On September 27, 2007, Jack Layton replaced Wasylycia-Leis with Thomas Mulcair as the NDP finance critic. Wasylycia-Leis became caucus chair, and her critic portfolios included health and persons with disabilities. She was re-elected again in the 2008 federal election.
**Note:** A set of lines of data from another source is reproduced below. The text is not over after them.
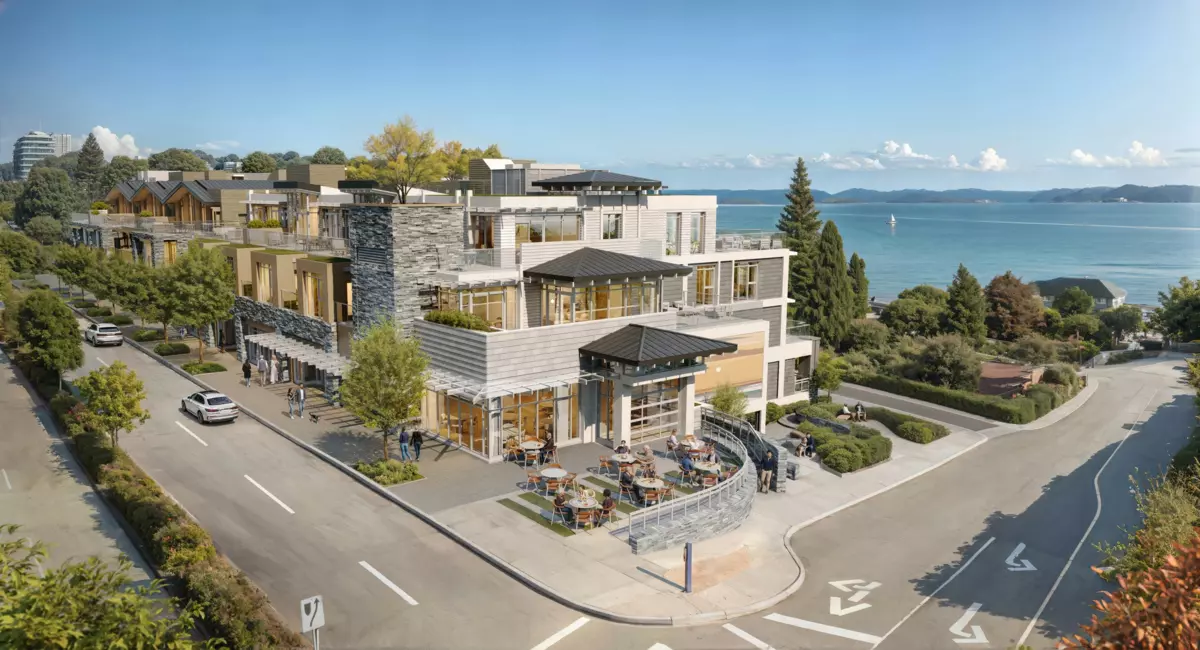 Family Room Photo of 315 2490 Marine Drive, West Vancouver, BC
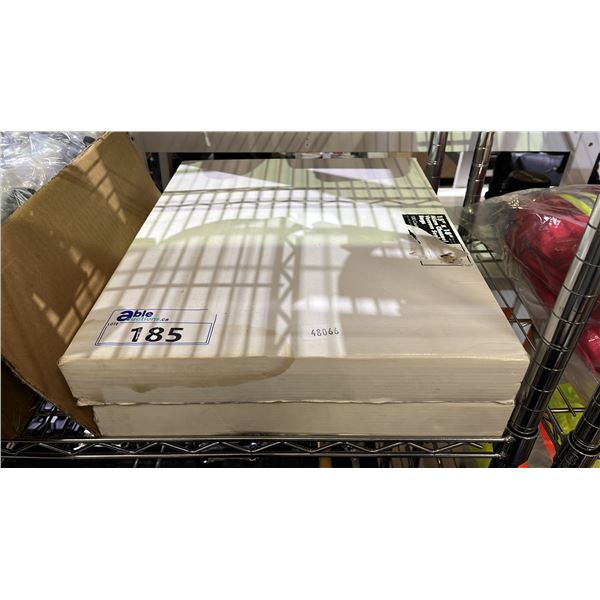 (2) BOXES OF MICRO CHANNEL VACUUM SEALER BAGS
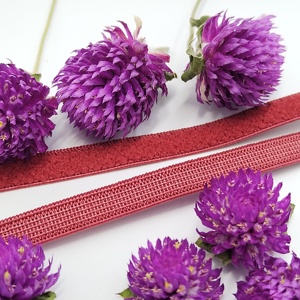 ชุดชั้นในแถบยางยืดพร้อมริบบิ้นผ้าแจ็คการ์ด2025สีสันสดใสกันลื่นกว้าง8มม. สำหรับรองเท้า - Product Image 4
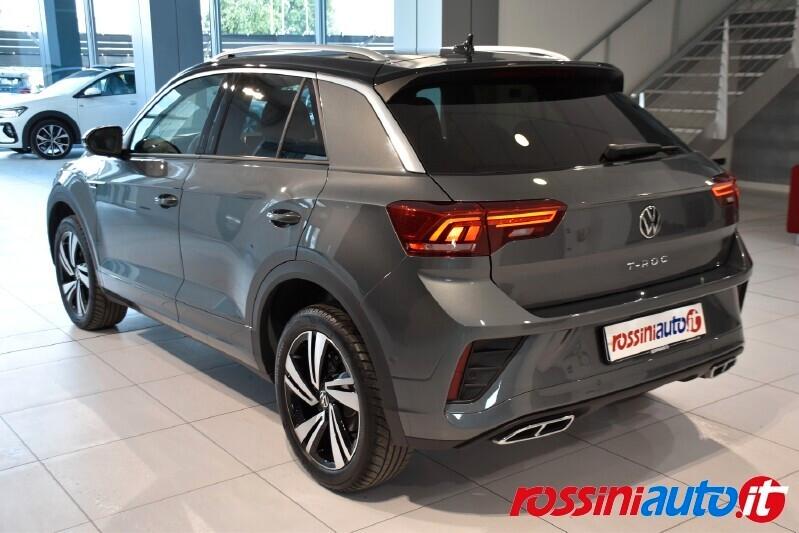 VOLKSWAGEN T-Roc 1.5 TSI 150 CV DSG R-LINE + I.Q LED + R18 NEVADA +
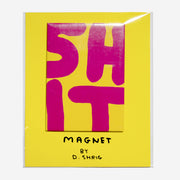 Imán "SHIT" x DAVID SHRIGLEY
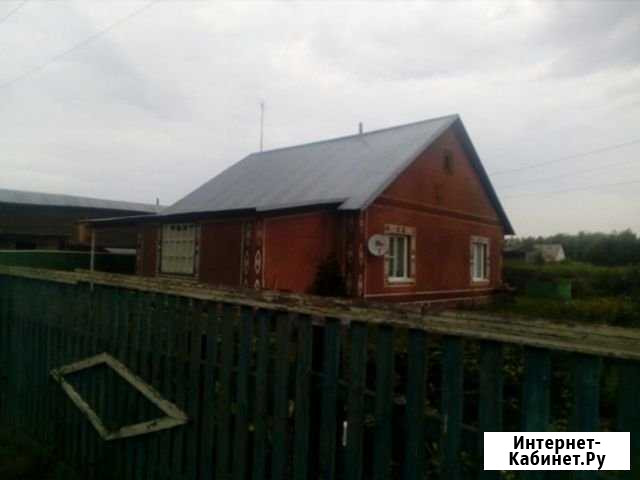 Дом 74 кв.м. на участке 10 сот. Топчиха - изображение 1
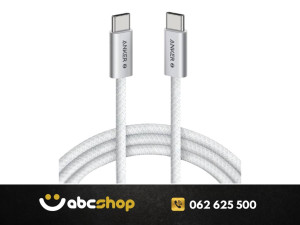 ANKER USB-C USB-C Kabl 1m Zolo 240W, Braided, Bijeli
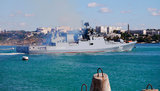 Оккупанты тренировались прикрывать корабли от авиаудара у берегов Крыма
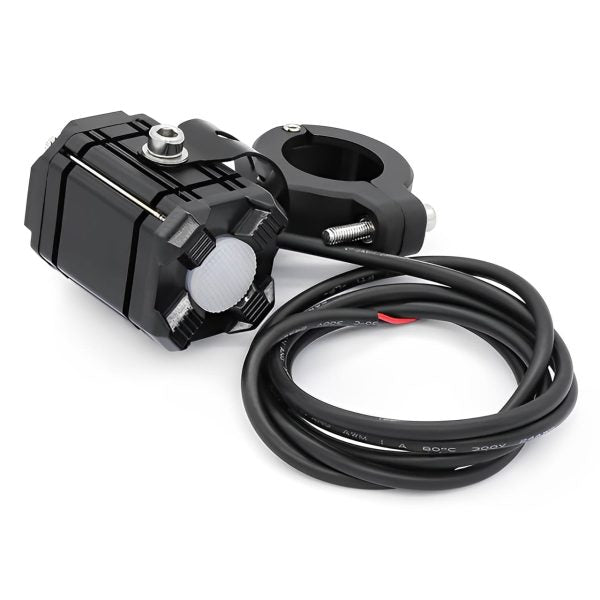 Universal Motorcycle Led Auxiliary Headlight – High/low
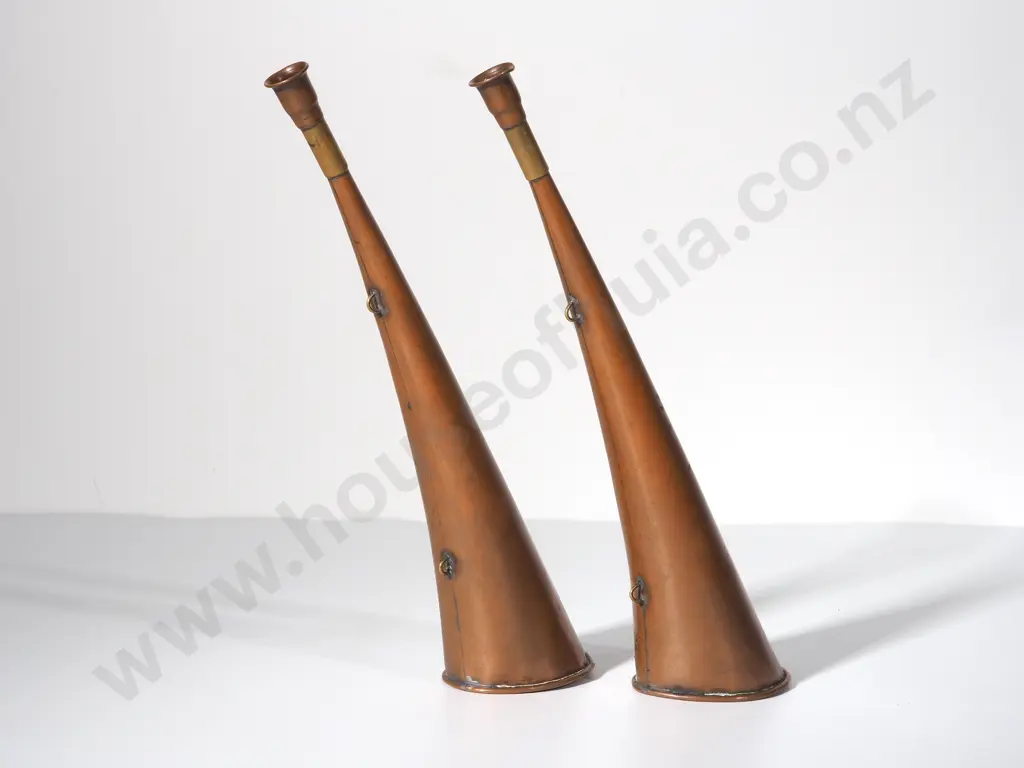 Pair of Hunting Horns Image 1++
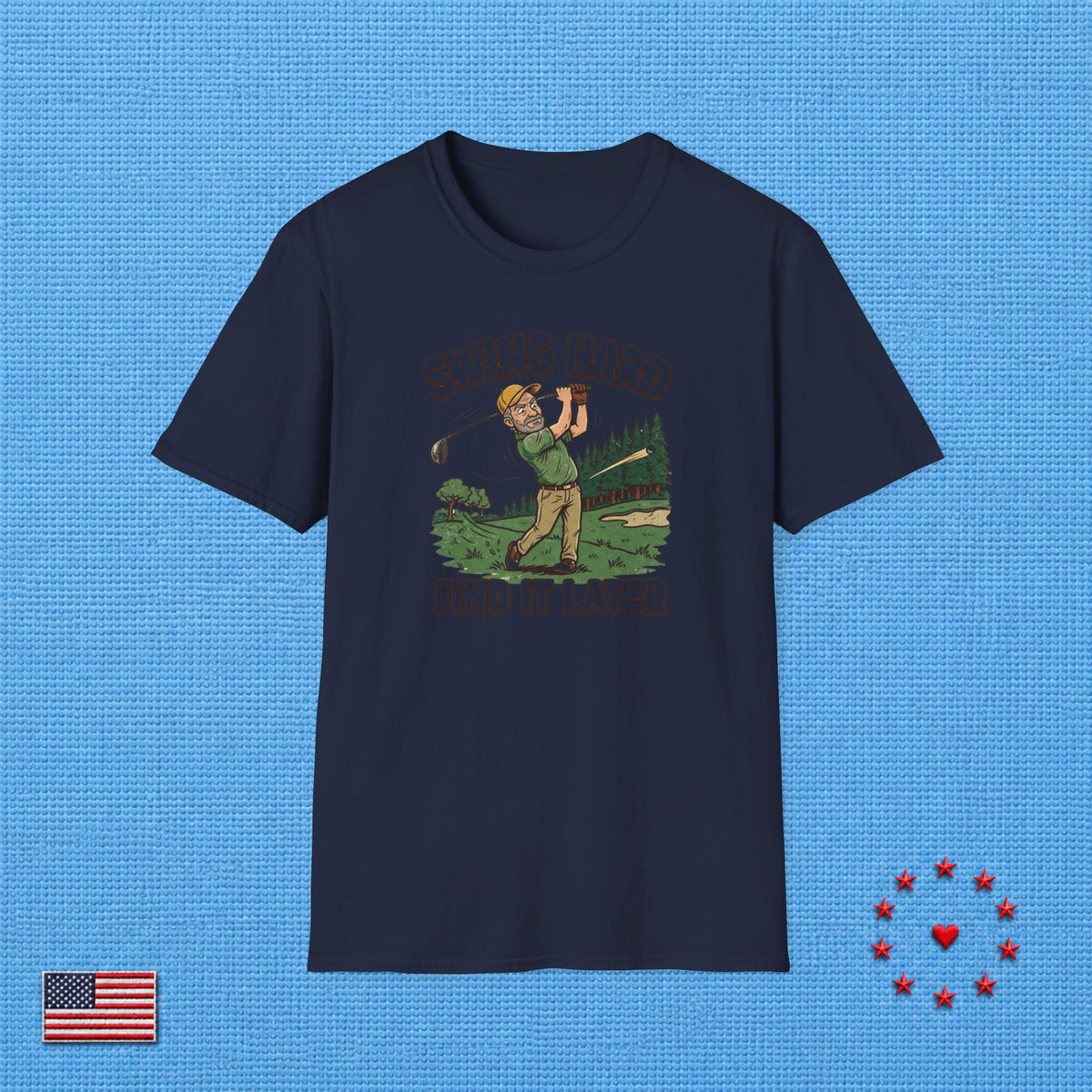 SWING HARD T‑Shirt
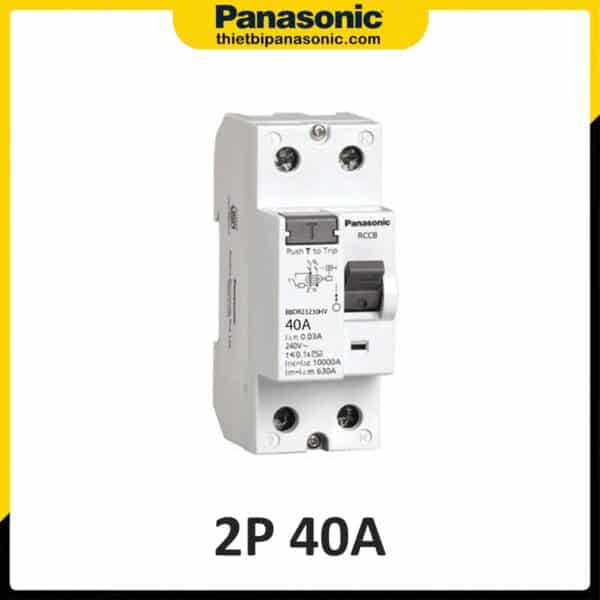 RCCB Panasonic 40A 2P BBDR24030HV Giá Rẻ, Chính Hãng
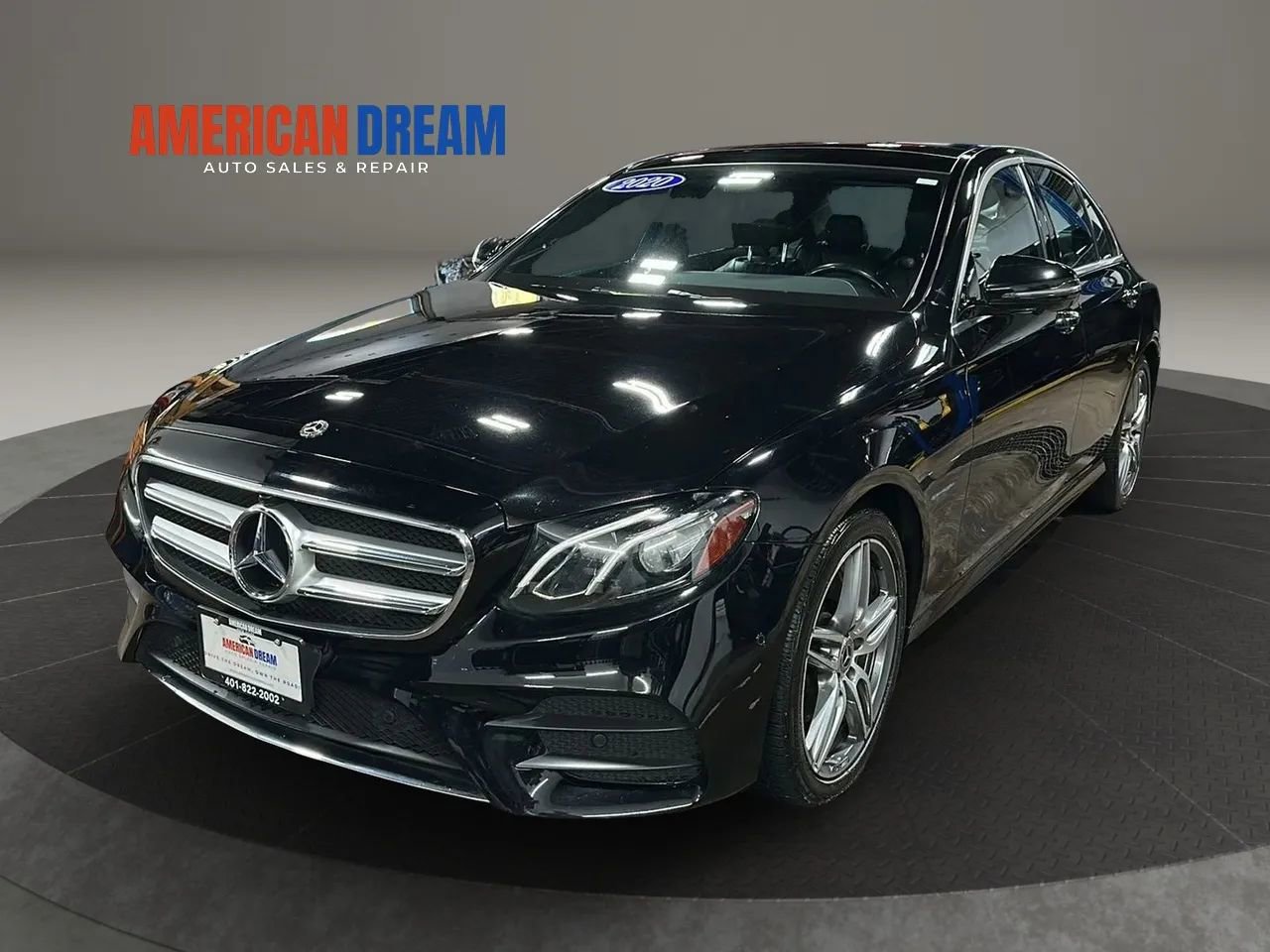 Used 2020 Mercedes-Benz E 450 4MATIC Sedan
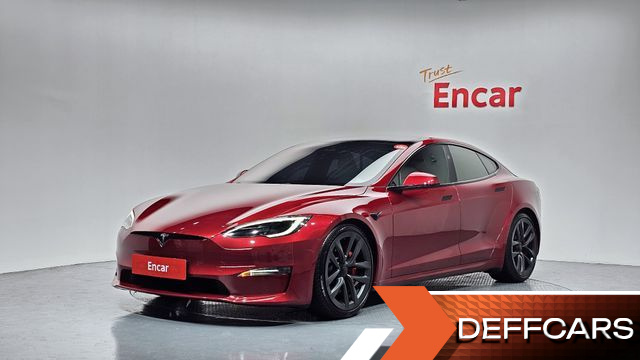 Tesla MODEL S Plaid купить на сайте DeffCars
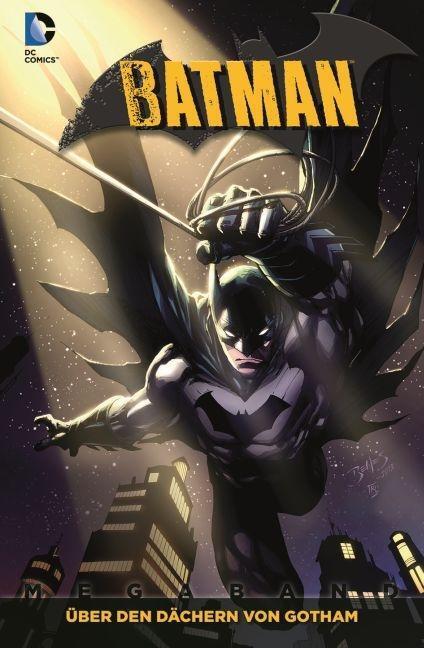 Cover: 9783957989741 | Batman Megaband 2 | Über den Dächern von Gotham, Batman Megaband 2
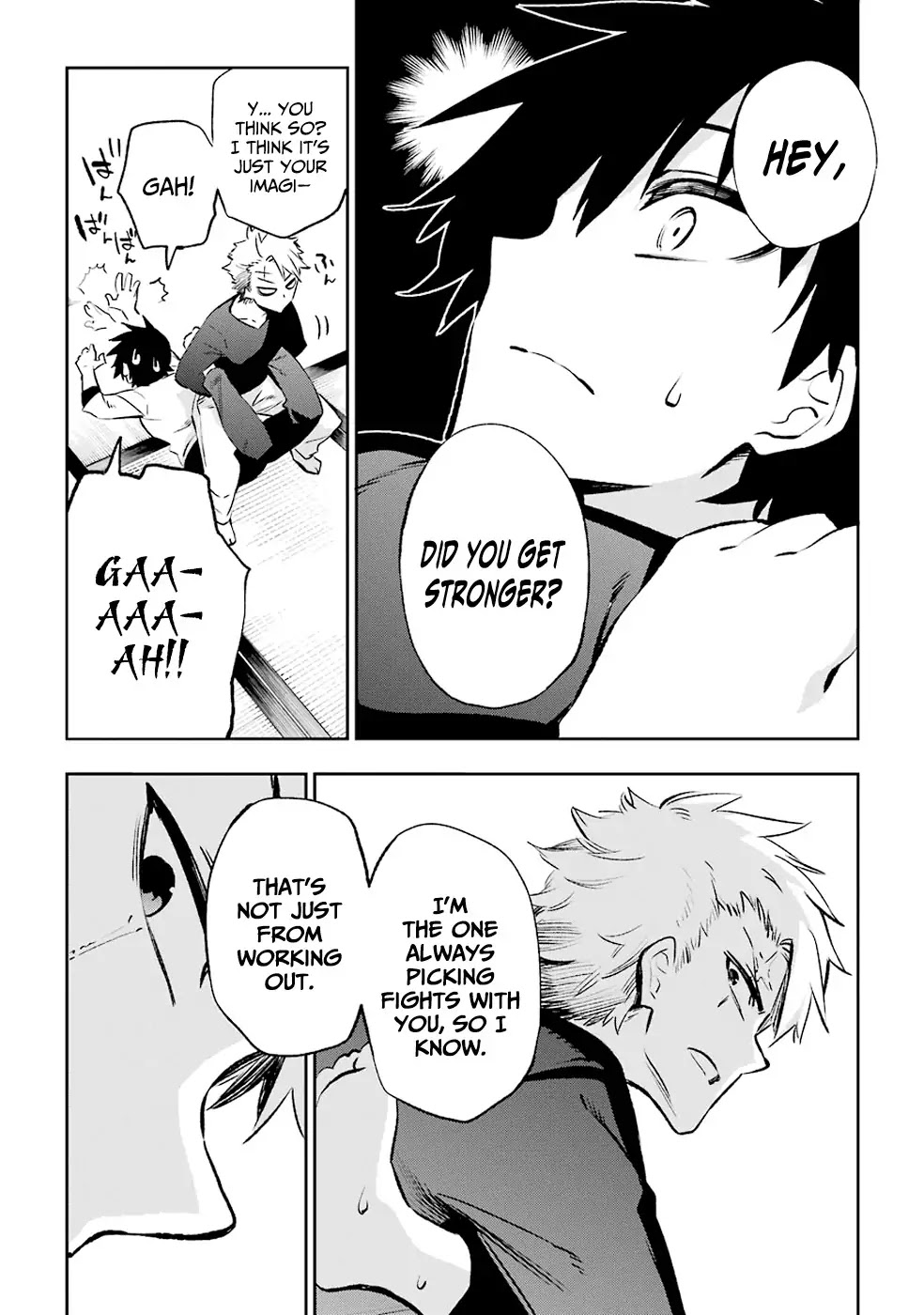 Urami Koi, Koi, Urami Koi. Chapter 29 page 4 - Chapter 29: He Who Does Not Dare Enter a Rat's Hole Will Not Catch the Young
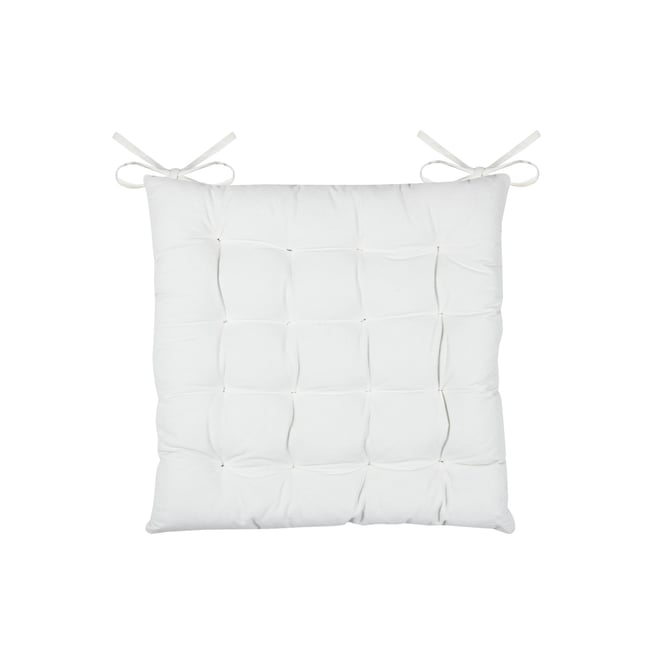 Galette de chaise unie et classique - LOVELY CASA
==Race for mayor of Winnipeg==

On April 27, 2010, Wasylycia-Leis announced her retirement from federal politics, effective May 1, without announcing her future plans. On May 3, she filed papers to run as Mayor of Winnipeg in the October 2010 municipal elections. Sharon Carstairs, a Liberal Senator and the former leader of the Manitoba Liberal Party was announced to be her campaign co-chair and Nicole Campbell, a national representative of the Canadian Union of Public Employees, was enlisted as her campaign manager.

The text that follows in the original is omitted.